Welcome to OpenIntro Labs using Stata! Stata is a program for statistical computing that will allow you to interact with data and apply the statistical methods you learn in the OpenIntro Statistics course. This first lab will provide an introduction to Stata, including the interface, getting data into Stata, and some basic commands.
You can apply statistical methods in Stata using either the drop-down series of menus or using some programming. These labs will focus on teaching programming skills using Stata.
This lab assumes that you have already installed Stata. Stata is available for purchase at http://www.stata.com. You may also wish to see whether your university has Stata licenses available for your use.
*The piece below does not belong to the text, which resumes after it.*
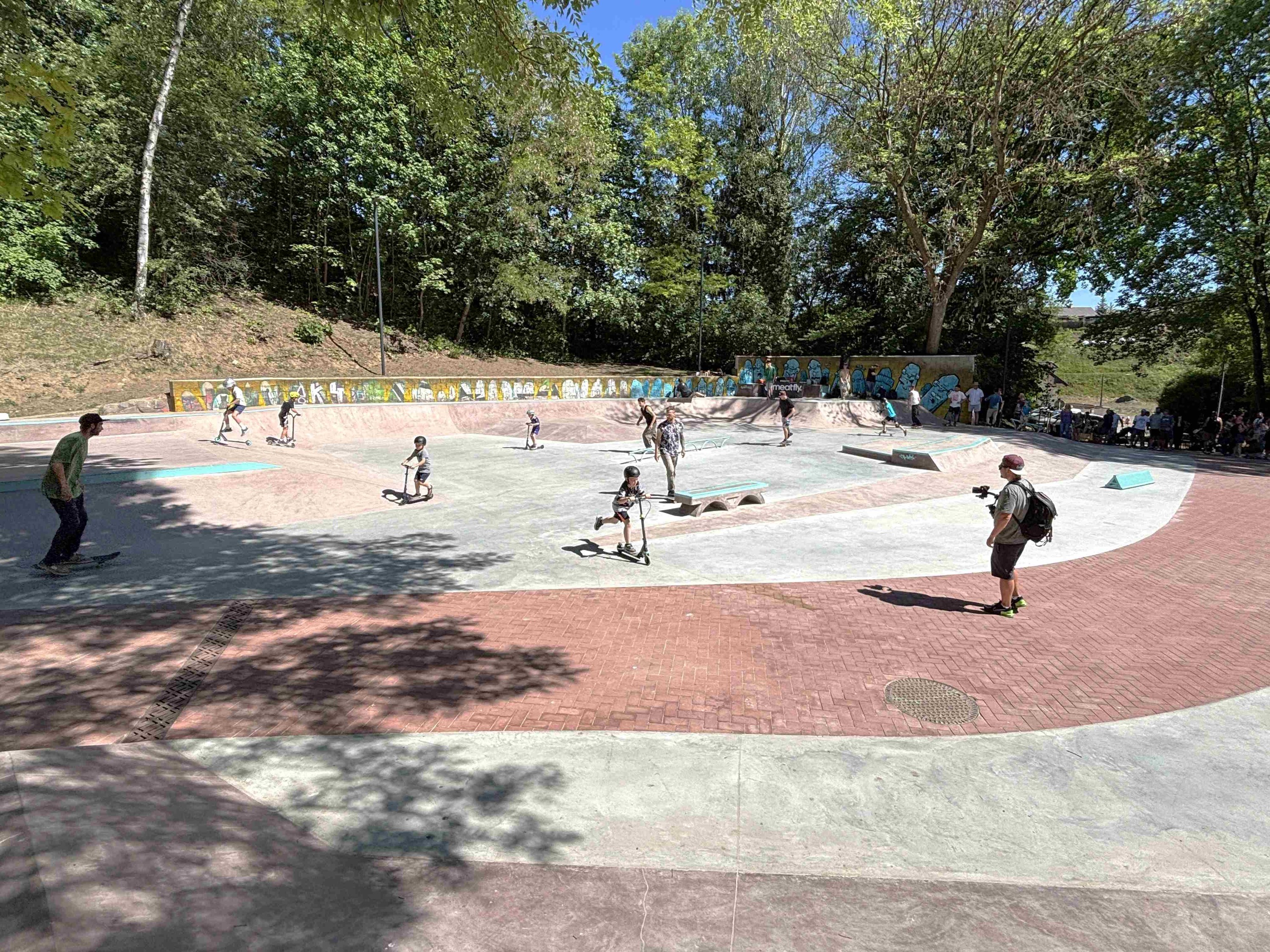 Nadace ČEZ: Nový skatepark v Mnichově Hradišti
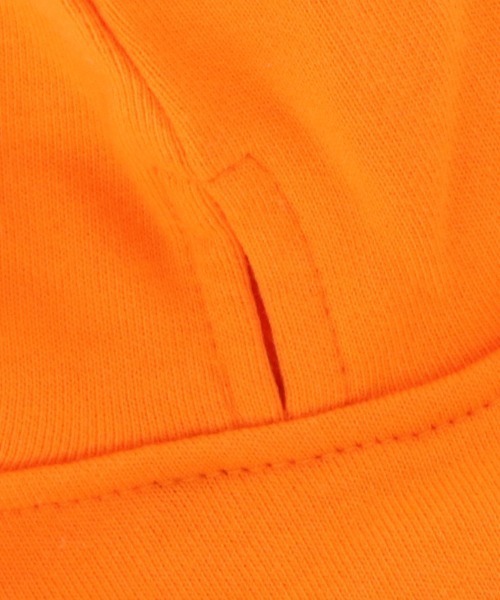 X-girl(エックスガール)の「X-girl/ホライゾンミルズロゴフーディー(ペットウェア・レディース・オレンジ/ホワイト・3M/2L/3S/S/3L/L/XS/M)」の8枚目の写真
First, launch Stata as you would with any program on your computer. The first screen you see should look something like this:
You will notice several areas of the screen. The bottom rectangle is the Command window, where you can enter Stata code interactively (or “on the fly’’) that you wish to run. The results will display in the Results window above the command line. When you open Stata, the Results window displays information about the version of Stata that you are running.
The right panel summarizes what information, for example data, is currently available to work with in Stata. In this screen above, we do not have any data or information loaded into Stata, so that area is blank.
Each time you open Stata, it is a good idea to know where your working directory is set to. The working directory is where Stata looks for Stata-related files, such as datasets or code. We recommend creating a folder for your labs on your computer and setting your working directory there. You should save all datasets for these labs in this folder.
You can view the current working directory by looking at the bottom of the screen:
You can also check the current working directory by typing pwd
into the Command window and pressing enter.
If your working directory is not set to where you would like Stata to look, you can change this to another folder on your computer. You can set the working directory through the dropdown menu:
You can also set the working directory using the command “cd” followed by the path on your computer.
In Stata, you can enter code interactively (“on the fly”) in the Command window. We have shown this above with the pwd
and cd
commands. You can also save your code in a separate file called a do-file. It is always better to save code in a separate do-file because:
In these labs, you should always use a do-file to record any code that you create. To create a new do-file, select the button at the top corresponding to Do-file Editor:
Or choose file -> new -> do file editor from the drop down menu.
Using either approach, a new window will open that is your do-file. Save this file to wherever you would like to store your code for this lab.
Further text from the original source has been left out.